Kriminalbeamte und Mitarbeiter von Straßen NRW untersuchten nach dem Unglücj vor vier Jahren die Betonplatten an der Lärmschutzwand der A3.

Es war ein besonders tragisches Unglück, dem die Kölnerin Anne M. zum Opfer fiel. Vier Jahre danach beginnt nun die Verhandlung um ein herabstürzendes Schallschutzwand-Element.

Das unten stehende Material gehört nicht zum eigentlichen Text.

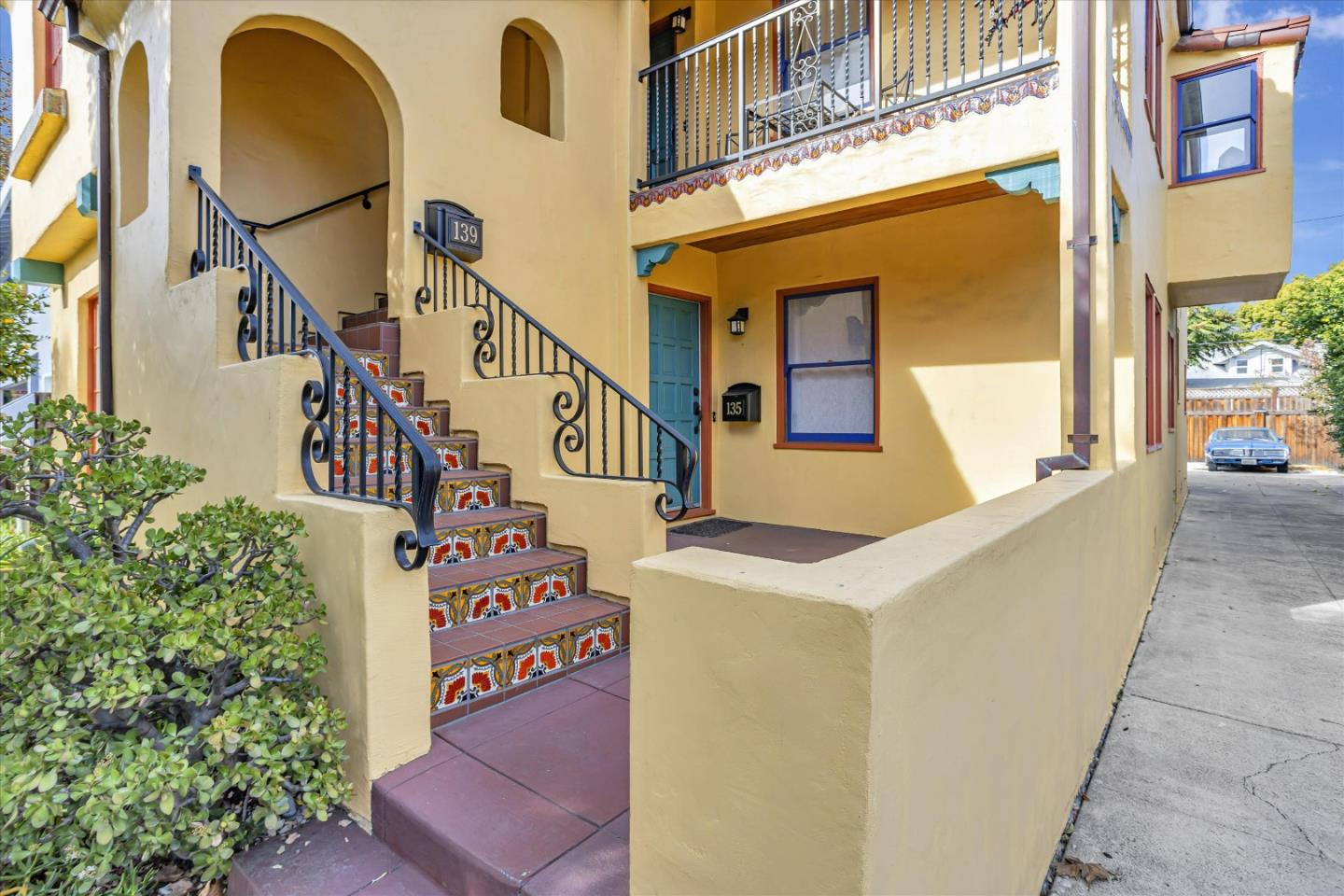 Detail Gallery Image 4 of 21 For 135 Clayton Ave, San Jose,  CA 95110 - 2 Beds | 2 Baths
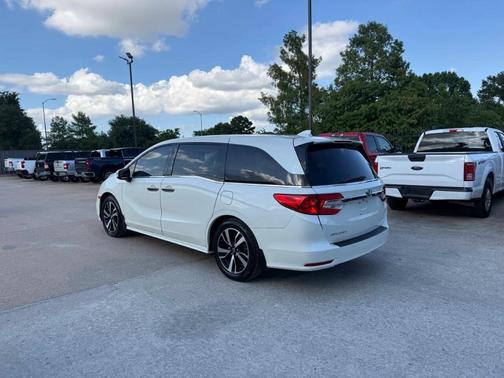 White 2018 Honda Odyssey Elite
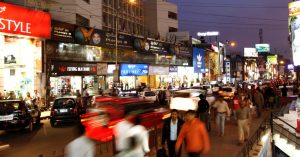 Brigade Road - Bangalore - Índia Brigade Road - Bangalore - Índia - Uma das principais ruas da cidade.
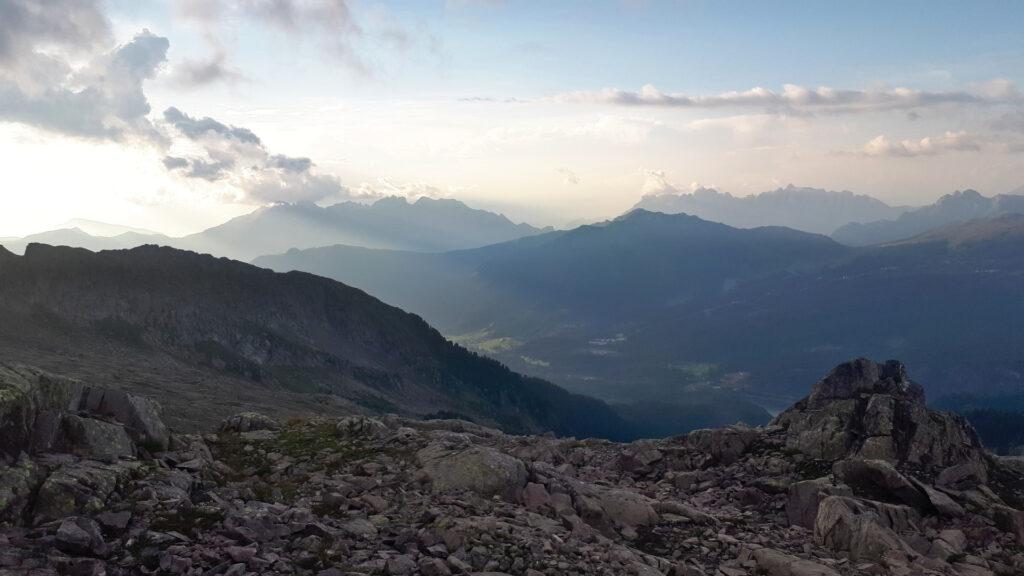 aspettando il tramonto (la prima sera che riusciremo a godercelo)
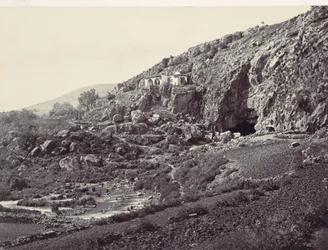 Source principale du Jourdain, coulant d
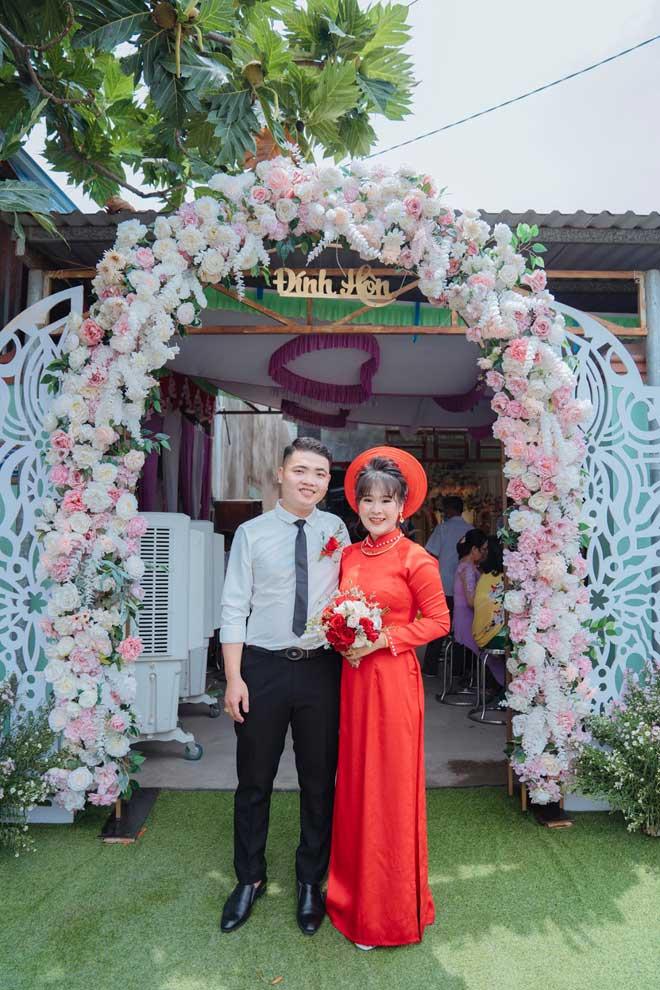 Cặp đôi chung bàn thời cấp hai, 8 năm sau về chung một giường-3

Von jetzt auf gleich wurde die 66-jährige Kölnerin Anne M. aus dem Leben gerissen — von einer sechs Tonnen schweren Betonplatte in ihrem VW Polo eingequetscht und erschlagen. Jede Hilfe kam im November 2020 zu spät, die Frau verstarb noch am Unfallort auf der Autobahn A3 zwischen den Anschlussstellen Köln-Dellbrück und dem Autobahnkreuz Köln-Ost. Schon einen Monat später stellte ein vom damaligen nordrhein-westfälischen Verkehrsminister Hendrik Wüst (CDU) vorgestellter Bericht Pfusch am Bau als Ursache fest: Mehrere sechs Tonnen schwere Betonelemente der Schallschutzwand waren demnach nicht planmäßig montiert und befestigt worden. Dennoch dauerte es fast vier Jahre seit dem Unglück, bis am Dienstag vor dem Landgericht nun der Prozess gegen drei Beschuldigte begann.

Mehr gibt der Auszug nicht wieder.